Dans les temps troublés actuels, marqués par toutes sortes de confrontations politiques ou sociales, le recours au compromis est présenté comme la voie de la raison. Trouver des consensus transcenderait les divisions au nom d’un bien commun. Or, la difficulté vient justement de ce que le contenu de ce bien commun n’est pas partagé, du fait de la rivalité des forces en présence… C’est alors que la recherche du compromis pour lui-même est élevée au rang de bien commun permettant de dépasser les oppositions et les dissensions.

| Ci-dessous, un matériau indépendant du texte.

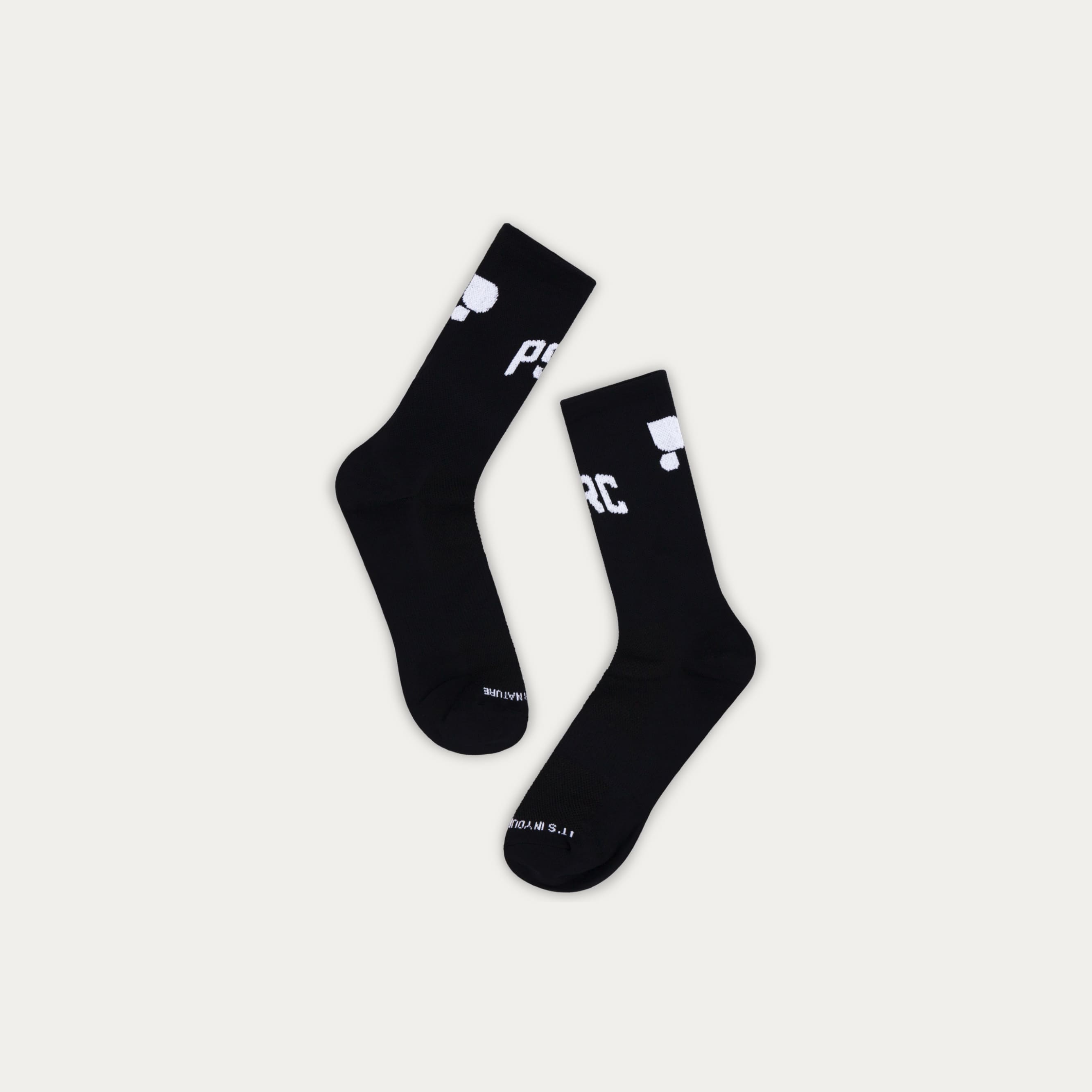 Performance Running Socks - Black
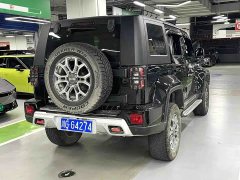 Beijing Jeep BJ40 2024 2.0T Urban Hunter Glory Edition - ფოტო 6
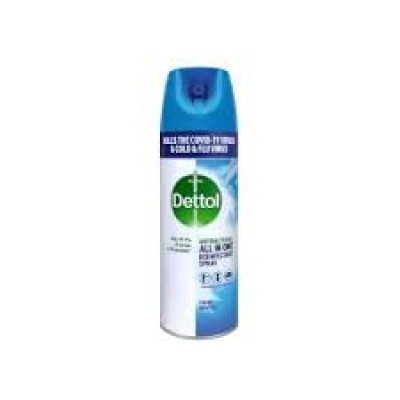 Dettol Disinfect spray (blue)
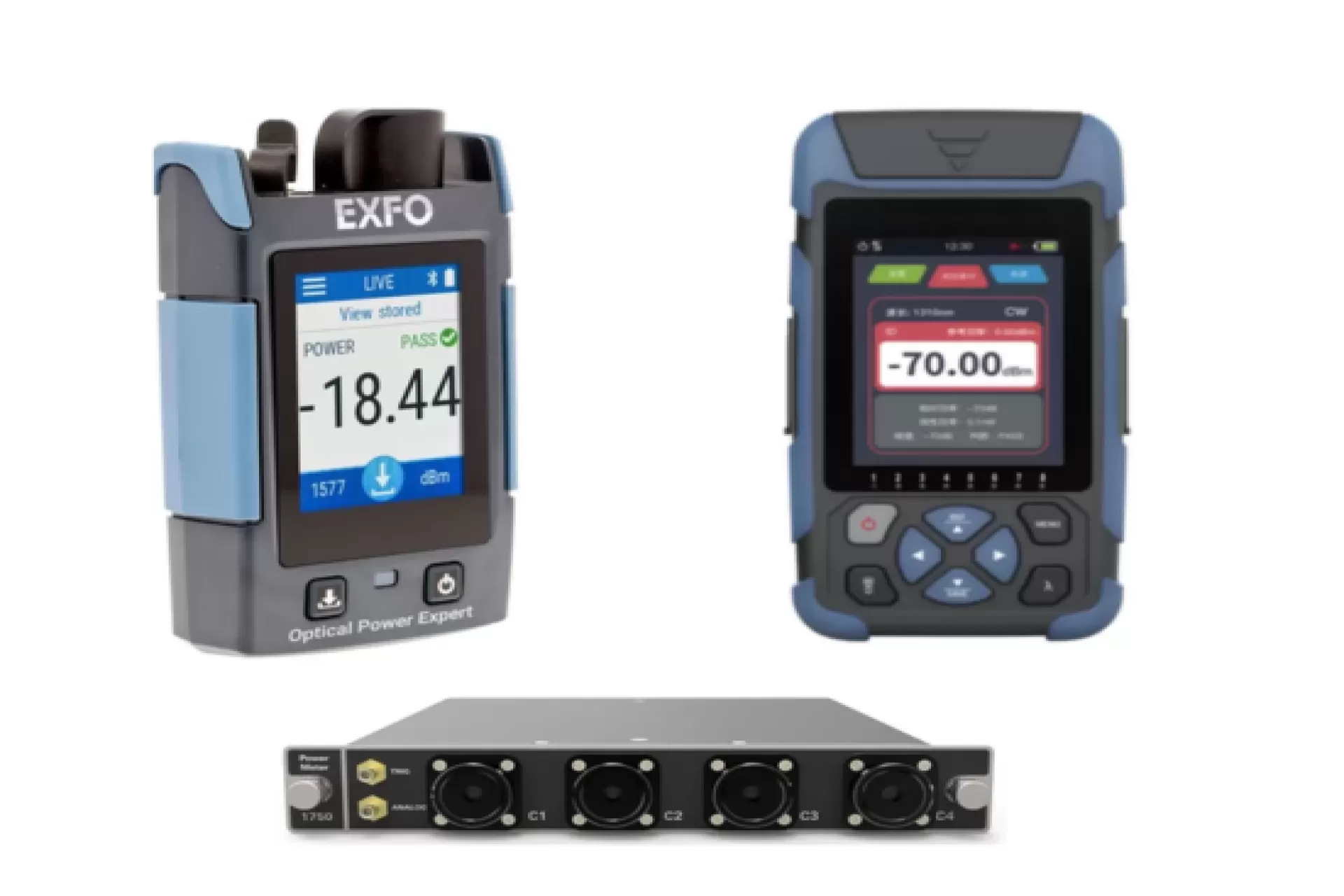 What Is an Optical Power Meter? Complete Guide to Fiber Optic Power Measurement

L’exemple allemand est souvent invoqué chez nous pour établir que l’arrangement social et politique est possible, y compris sur de longues périodes. Il exigerait seulement une « culture » adaptée. Culture qui ferait défaut aux Français, dont l’esprit « gaulois » se plaît aux querelles et aux divisions. Ces lieux communs sommaires dispensent de comprendre le réel, c’est-à-dire les conditions matérielles qui rendent possible ou non la fameuse culture du compromis – c’est-à-dire les institutions, mais plus encore le rapport de force entre les camps qui s’opposent.
Les institutions rendent plus ou moins nécessaires les compromis selon qu’elles empêchent ou non de monopoliser les lieux de décision. Un système de gouvernance centralisé, qui concentre tous les pouvoirs dans les mains d’un parti majoritaire ou d’une seule partie prenante, ne favorise pas une culture du compromis. C’est le cas de la France.
Logique de don et de contre-don
A l’inverse, un système qui décentralise le pouvoir et multiplie, de ce fait, les lieux où il peut s’exercer permet d’accepter plus facilement les accords locaux et pragmatiques qui ne remettent pas en cause l’identité globale des parties prenantes. Plus encore, certaines institutions peuvent contraindre les parties opposées à partager les décisions en imposant, par exemple, la parité entre actionnaires et salariés dans les conseils de surveillance ou dans les conseils d’atelier des entreprises. C’est le cas de l’Allemagne. Cela oblige à trouver des accords.